Russia rejects poison charge

MOSCOW (莫斯科) denied it was behind the poisoning of a former double agent in Britain.
“Russia is not guilty,” said Foreign Minister Sergei Lavror about the attack on Sergei Skripal and his daughter in Salisbury (梳士巴利) on 4 March, adding that Russia was “ready to cooperate,” but that Britain had rejected its requests for “access” to the nerve agent samples.
British Prime Minister Theresa May (文翠珊) told parliament it was “highly likely” Russia was behind the poisoning. The United States, Nato and the European Union have all backed Britain in the deepening diplomatic crisis. Foreign Secretary Boris Johnson vowed that Britain’s response would be “commensurate”.
May later said the UK will expel 23 Russian diplomats and cancel top-level contacts with Russia. The invitation for Lavrov to visit the UK has also been withdrawn.

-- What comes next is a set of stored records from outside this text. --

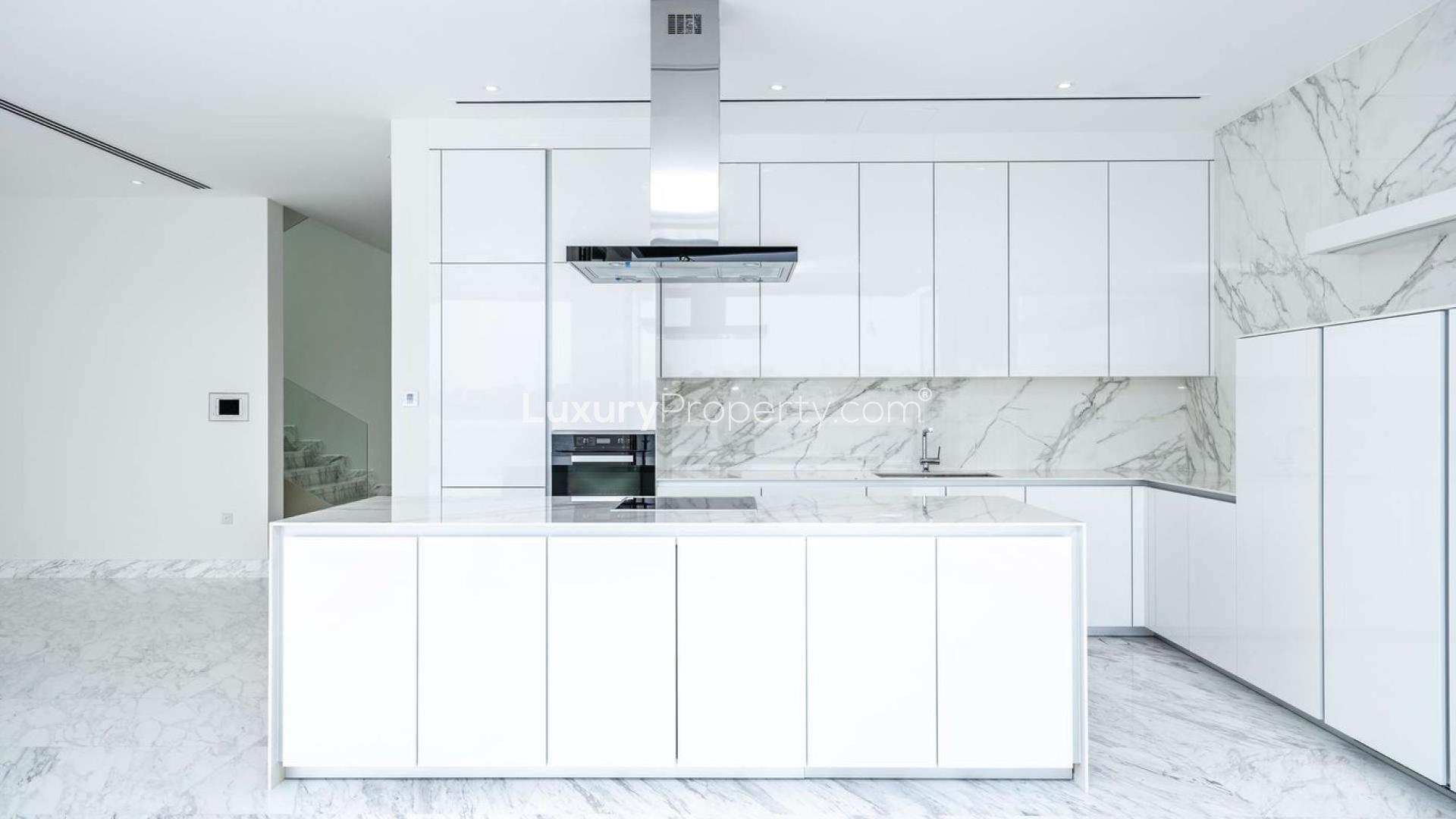 Luxurious open-plan living area in Palm Jumeirah villa with marina views, marble flooring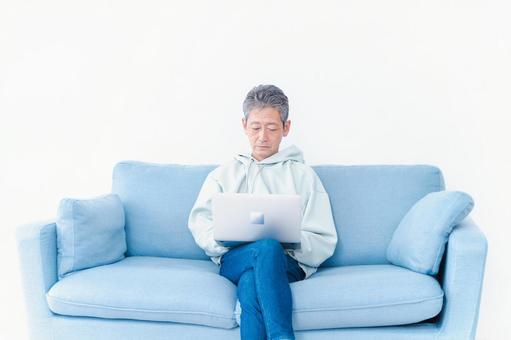 自宅でパソコンを使う高齢の男性 クリエイティブ,老人,オンラインの写真素材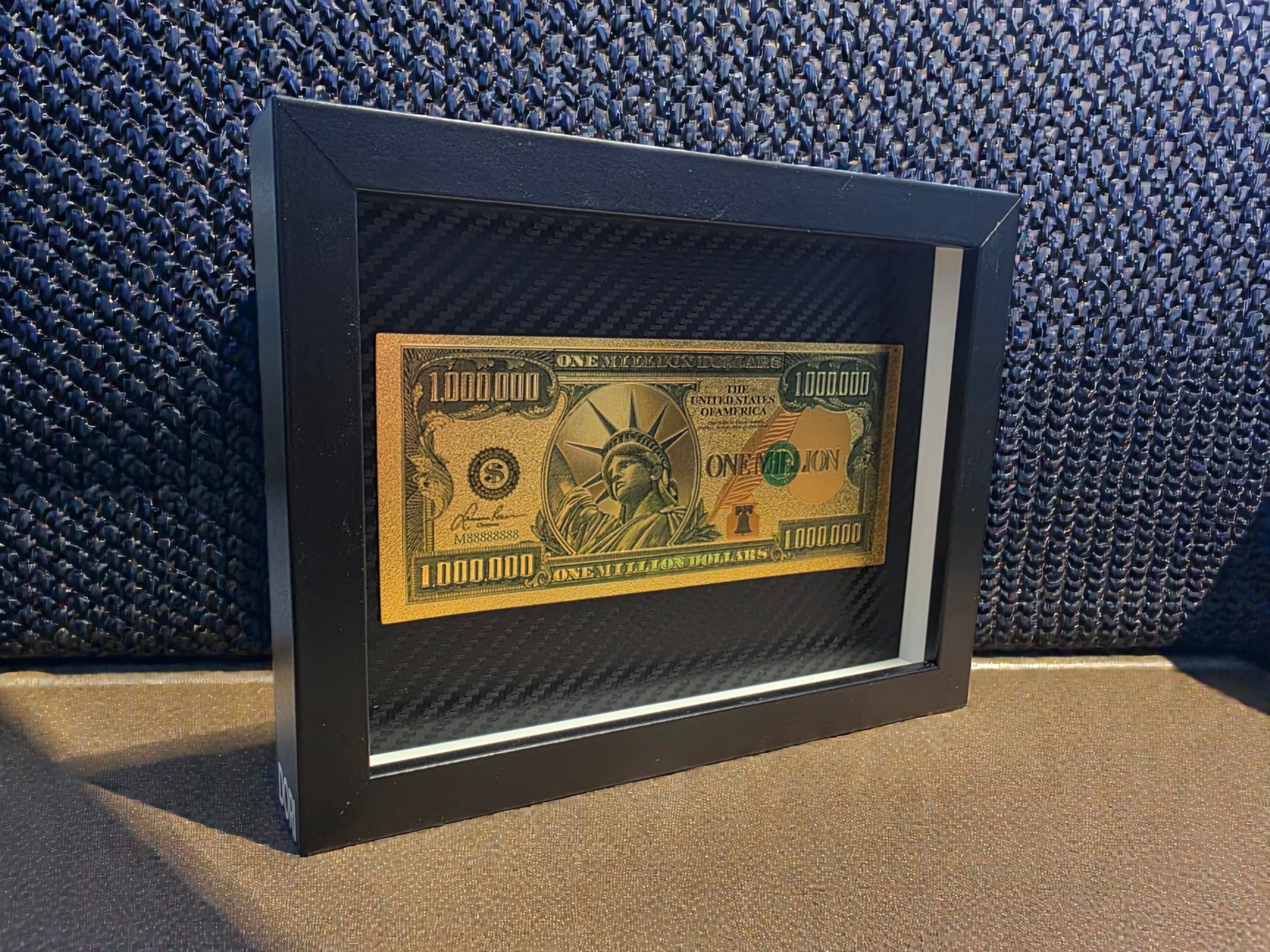 Auksinis ir žalias „One Million“ paveikslas juodame rėme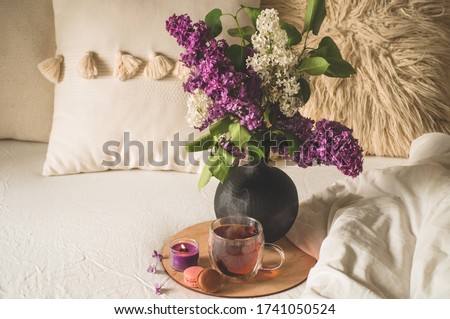 Still life details in home interior of living room. Lilac flowers with hot cup tea. Cozy spring concept.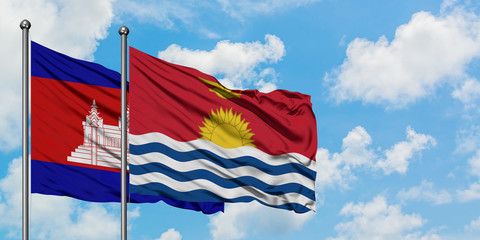 Cambodia and Kiribati flag waving in the wind against white cloudy blue sky together. Diplomacy concept, international relations.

Skripal, aged 66, and his daughter Yulia, 33, remain in critical condition in a hospital. May said the two were poisoned with the nerve agent Novichok developed by the former Soviet Union towards the end of the Cold War. “Either this was a direct act by the Russian state against our country, or the Russian government lost control of this potentially catastrophically damaging nerve agent and allowed it to get into the hands of others,” she said. Almost 200 troops have been deployed to assist the police investigation into the nerve agent.

(This article is published on Junior Standard on 21 March 2018)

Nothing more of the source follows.